Jeff, Who Lives at Home | Film | Pittsburgh | Pittsburgh City Paper

Jeff, Who Lives at Home

A bittersweet comedy about a loser-slacker who ventures out of the house


The only thing worse than being a loser is being a loser and a dreamer. For how do you make dreams come true if you can't stop sucking on your monster bong or get off the couch in your mother's basement (where you live)? Jeff (Jason Segel) is 30 and that's his dilemma. His brother, Pat (Ed Helms), has a job, but he's a loser/dreamer, too. Where Jeff is a romantic who believes in fate, Pat just buys a Porsche he can't afford and ignores his forlorn wife (Judy Greer). Meanwhile, at work, their mother (Susan Sarandon) has a secret admirer who gives her tingles for the first time since widowhood.
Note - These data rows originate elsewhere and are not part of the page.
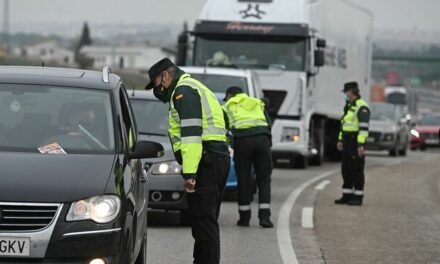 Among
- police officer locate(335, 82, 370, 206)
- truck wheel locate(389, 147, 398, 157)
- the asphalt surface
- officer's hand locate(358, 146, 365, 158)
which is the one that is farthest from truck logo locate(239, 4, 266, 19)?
truck wheel locate(389, 147, 398, 157)

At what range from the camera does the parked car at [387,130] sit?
120 feet

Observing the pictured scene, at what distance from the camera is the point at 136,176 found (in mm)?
8305

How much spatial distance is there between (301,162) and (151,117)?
44.3ft

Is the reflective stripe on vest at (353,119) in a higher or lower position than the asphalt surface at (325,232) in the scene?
higher

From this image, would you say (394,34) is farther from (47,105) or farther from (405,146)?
(47,105)

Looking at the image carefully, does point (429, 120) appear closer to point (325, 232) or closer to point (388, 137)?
point (388, 137)

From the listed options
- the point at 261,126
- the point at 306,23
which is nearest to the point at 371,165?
the point at 306,23

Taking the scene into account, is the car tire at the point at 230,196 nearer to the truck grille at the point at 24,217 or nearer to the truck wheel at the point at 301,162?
the truck wheel at the point at 301,162

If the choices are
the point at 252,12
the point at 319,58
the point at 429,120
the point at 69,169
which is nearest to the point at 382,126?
the point at 319,58

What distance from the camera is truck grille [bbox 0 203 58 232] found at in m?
6.95

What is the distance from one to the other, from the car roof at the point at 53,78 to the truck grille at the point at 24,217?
170 centimetres

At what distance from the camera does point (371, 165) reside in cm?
3097

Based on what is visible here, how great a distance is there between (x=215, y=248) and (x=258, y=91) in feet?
37.9

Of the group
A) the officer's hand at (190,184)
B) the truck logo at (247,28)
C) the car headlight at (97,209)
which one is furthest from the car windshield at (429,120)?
the car headlight at (97,209)
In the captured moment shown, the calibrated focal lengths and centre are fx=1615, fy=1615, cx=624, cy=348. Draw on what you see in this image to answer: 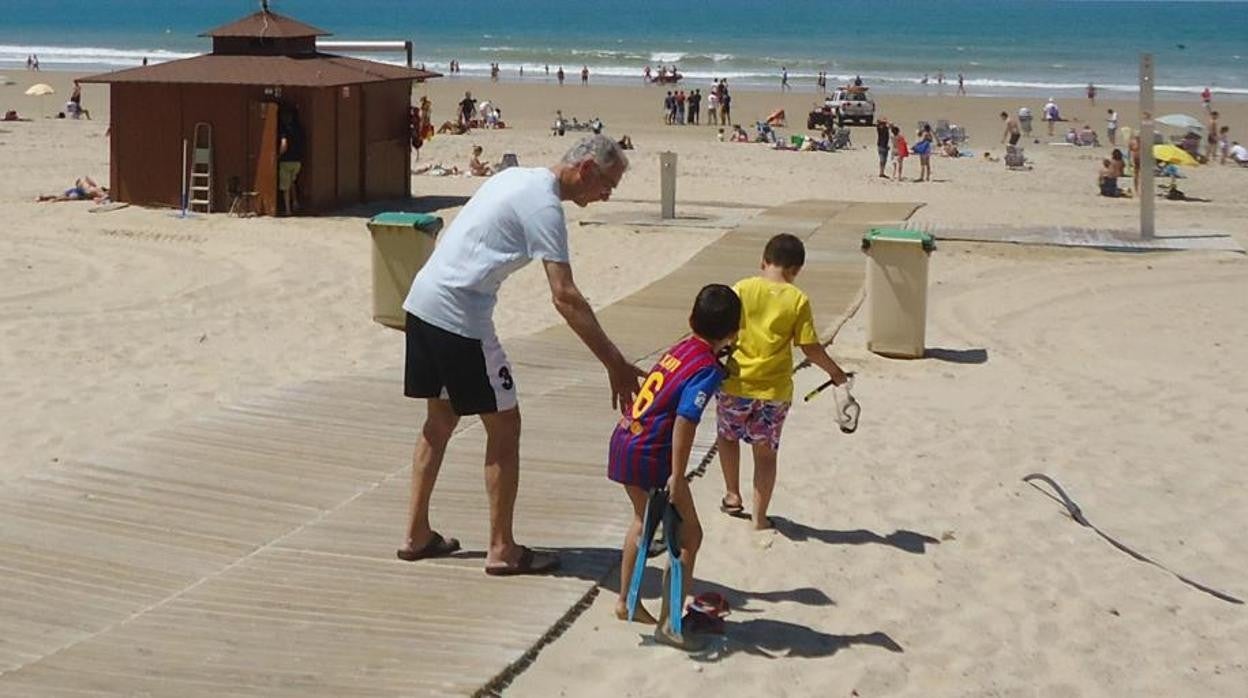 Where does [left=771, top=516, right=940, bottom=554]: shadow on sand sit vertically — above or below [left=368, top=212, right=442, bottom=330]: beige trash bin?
below

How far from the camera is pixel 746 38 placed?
97125 millimetres

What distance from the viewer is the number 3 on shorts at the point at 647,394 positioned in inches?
213

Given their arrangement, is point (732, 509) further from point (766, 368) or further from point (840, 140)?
point (840, 140)

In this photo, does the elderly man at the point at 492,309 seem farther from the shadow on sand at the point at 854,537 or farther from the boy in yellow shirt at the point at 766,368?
the shadow on sand at the point at 854,537

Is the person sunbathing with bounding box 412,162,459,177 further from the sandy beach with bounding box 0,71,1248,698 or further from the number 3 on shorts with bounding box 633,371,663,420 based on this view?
the number 3 on shorts with bounding box 633,371,663,420

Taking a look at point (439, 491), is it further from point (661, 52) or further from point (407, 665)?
point (661, 52)

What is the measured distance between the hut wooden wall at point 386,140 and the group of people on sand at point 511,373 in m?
14.1

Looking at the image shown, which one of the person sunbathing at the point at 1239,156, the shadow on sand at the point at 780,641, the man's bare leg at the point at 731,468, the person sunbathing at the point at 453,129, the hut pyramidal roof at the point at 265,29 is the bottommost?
the shadow on sand at the point at 780,641

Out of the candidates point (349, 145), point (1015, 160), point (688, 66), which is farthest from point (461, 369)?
point (688, 66)

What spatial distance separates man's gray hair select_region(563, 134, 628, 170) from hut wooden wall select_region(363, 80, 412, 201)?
14339 millimetres

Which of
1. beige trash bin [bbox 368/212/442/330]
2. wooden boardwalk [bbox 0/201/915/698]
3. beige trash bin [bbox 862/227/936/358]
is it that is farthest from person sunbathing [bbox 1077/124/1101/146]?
wooden boardwalk [bbox 0/201/915/698]

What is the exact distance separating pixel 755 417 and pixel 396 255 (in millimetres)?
5834

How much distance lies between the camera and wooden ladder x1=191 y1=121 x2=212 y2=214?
18.7 m

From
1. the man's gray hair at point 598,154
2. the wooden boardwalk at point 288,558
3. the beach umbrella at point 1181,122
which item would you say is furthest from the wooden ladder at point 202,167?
the beach umbrella at point 1181,122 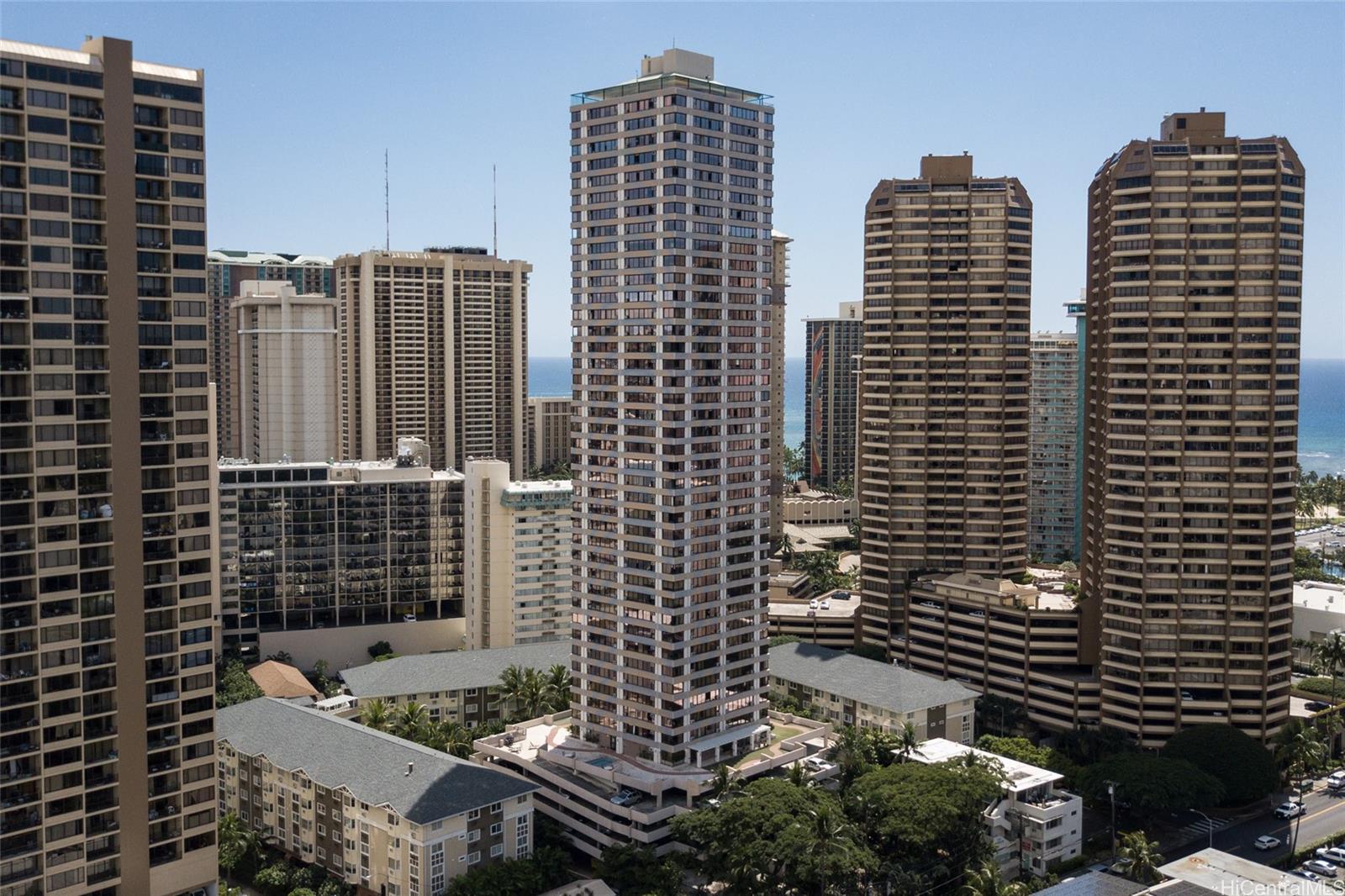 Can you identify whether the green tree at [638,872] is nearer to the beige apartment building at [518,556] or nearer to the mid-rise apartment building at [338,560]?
the beige apartment building at [518,556]

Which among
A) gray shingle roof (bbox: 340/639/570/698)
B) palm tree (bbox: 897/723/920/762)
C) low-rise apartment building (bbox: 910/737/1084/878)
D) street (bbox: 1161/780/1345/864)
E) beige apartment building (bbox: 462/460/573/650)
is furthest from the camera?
beige apartment building (bbox: 462/460/573/650)

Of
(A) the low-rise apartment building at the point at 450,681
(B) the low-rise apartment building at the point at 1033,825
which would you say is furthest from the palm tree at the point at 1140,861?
(A) the low-rise apartment building at the point at 450,681

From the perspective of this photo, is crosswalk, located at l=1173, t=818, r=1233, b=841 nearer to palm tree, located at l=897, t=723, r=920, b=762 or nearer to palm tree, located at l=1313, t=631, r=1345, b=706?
palm tree, located at l=897, t=723, r=920, b=762

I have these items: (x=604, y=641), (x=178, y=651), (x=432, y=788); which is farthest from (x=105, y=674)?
(x=604, y=641)

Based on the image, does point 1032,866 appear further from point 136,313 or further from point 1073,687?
point 136,313

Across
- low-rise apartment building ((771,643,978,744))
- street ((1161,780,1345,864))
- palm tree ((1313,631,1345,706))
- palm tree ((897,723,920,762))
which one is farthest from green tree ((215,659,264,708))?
palm tree ((1313,631,1345,706))

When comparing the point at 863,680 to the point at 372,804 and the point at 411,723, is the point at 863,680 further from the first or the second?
the point at 372,804

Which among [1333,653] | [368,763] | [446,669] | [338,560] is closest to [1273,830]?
[1333,653]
In Jeff¸ brothers Jay and Mark Duplass spend an afternoon with these hapless people, using them to humanly contemplate the melancholy of everyday life and the serpentine pathways to happiness. The actors are quite good, especially Segel, a natural sad sack, and, as always, an effortless Sarandon — the often-overlooked contra-Streep. This bittersweet comedy is alternately tender, silly, depressing, contrived, quirky and outright ridiculous, with a climax so awful that it seems like they just stopped trying, and then some final moments that allow you to like it again.